Former Massachusetts Governor Bill Weld is trying to unseat Donald Trump as the Republican nominee for president in 2020 but will have a much more difficult challenge now that the Republican Party in several states has decided to cancel primaries entirely.
On Friday, Politico reported that Republican leaders in four states are finalizing plans to cancel the 2020 primary elections. Though it is not uncommon for parties to cancel primaries when they have a president in office, the report noted, this is usually only the case for uncontested primaries. There are already two Republicans who have stepped forward to challenge Trump — Weld and former Congressman Joe Walsh.
Weld immediately attacked the report on Friday, issuing an email to supporters calling the move undemocratic.
“In the United States of America we don’t elect a president by acclamation,” Weld wrote, via Boston.com.
Weld also took aim directly at Trump in a tweet, saying he “wishes to be crowned as President rather than elected.”
“That might be fine in a monarchy, but we overthrew ours two centuries ago,” Weld wrote.
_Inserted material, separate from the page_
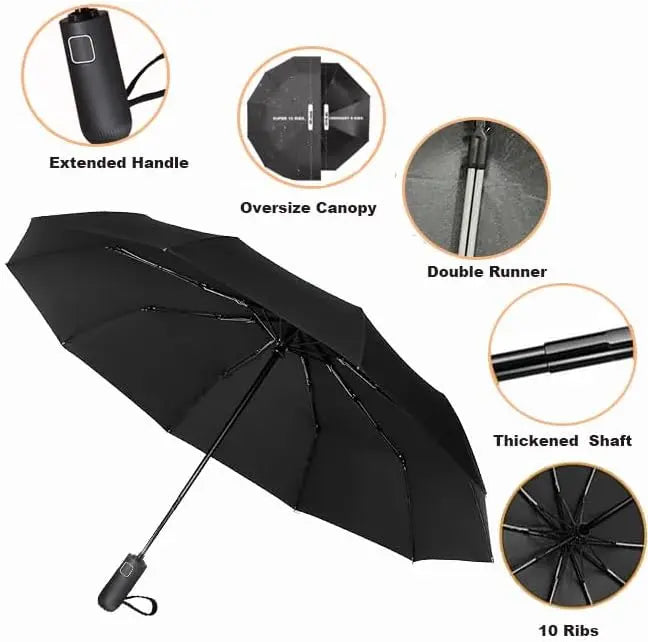 Compact Travel Umbrella with Automatic Open Close, Windproof 10-Rib Fiberglass Frame, UPF 50+ UV Sun & Rain Protection, Folding, 11.5 Inches Long, Business, 42-Inch Wide, Umbrellas For Rain, Fully Automatic Umbrella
The move would be within the control of statewide Republican parties, which can determine how and when primaries are held. Parties are under no legal obligation to hold these contests and can select candidates for office without asking voters to choose.
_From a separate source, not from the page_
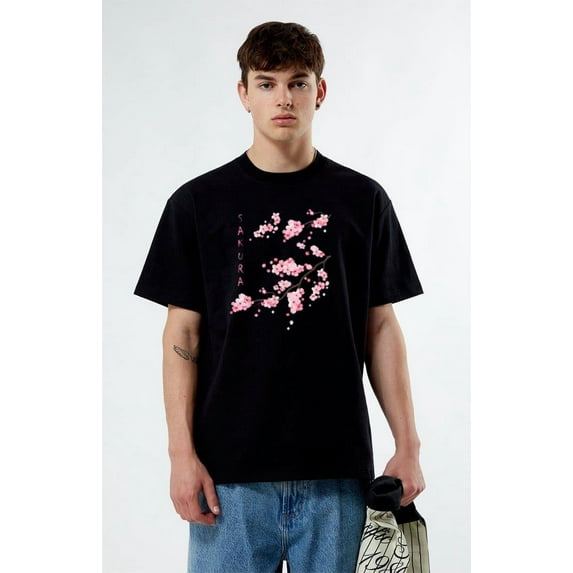Vintage Sakura T-Shirt with Japanese Cherry Blossom Art, for men & women, up to size 5XL. Tee shirt Adults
The Republican National Committee had already taken the unusual step of committing total support to Donald Trump back in January. As ABC News noted at the time, the RNC passed an unprecedented pledge giving Trump “undivided support” more than a year before primaries were scheduled to be held. The move was seen as a signal to potential primary challengers not to go after Trump.
“He is the most qualified candidate in either party to continue to serve the American people,” said Cassie Smedile, the RNC’s national press secretary.
Donald Trump, by turns arrogant and paranoid, has made no secret of the fact that he wishes to be crowned as President rather than elected. That might be fine in a monarchy, but we overthrew ours two centuries ago.https://t.co/EzHZ2yeFxJ— Gov. Bill Weld (@GovBillWeld) September 6, 2019
But critics have said that Donald Trump is trying to amass authoritarian control over the party, with top Republican brass working to squash any potential competition or dissent with Trump’s policies. After the report that states were moving to cancel primaries, that criticism was reiterated by Walsh, who — like Weld — said that Donald Trump was trying to act like a king.
“This can’t—This can’t happen in America,” he said, via the Independent. “Donald Trump is not a king. You cannot just eliminate elections. We are going to fight it in these four states. If they proceed and do this we are going to fight them with everything we’ve got legally.”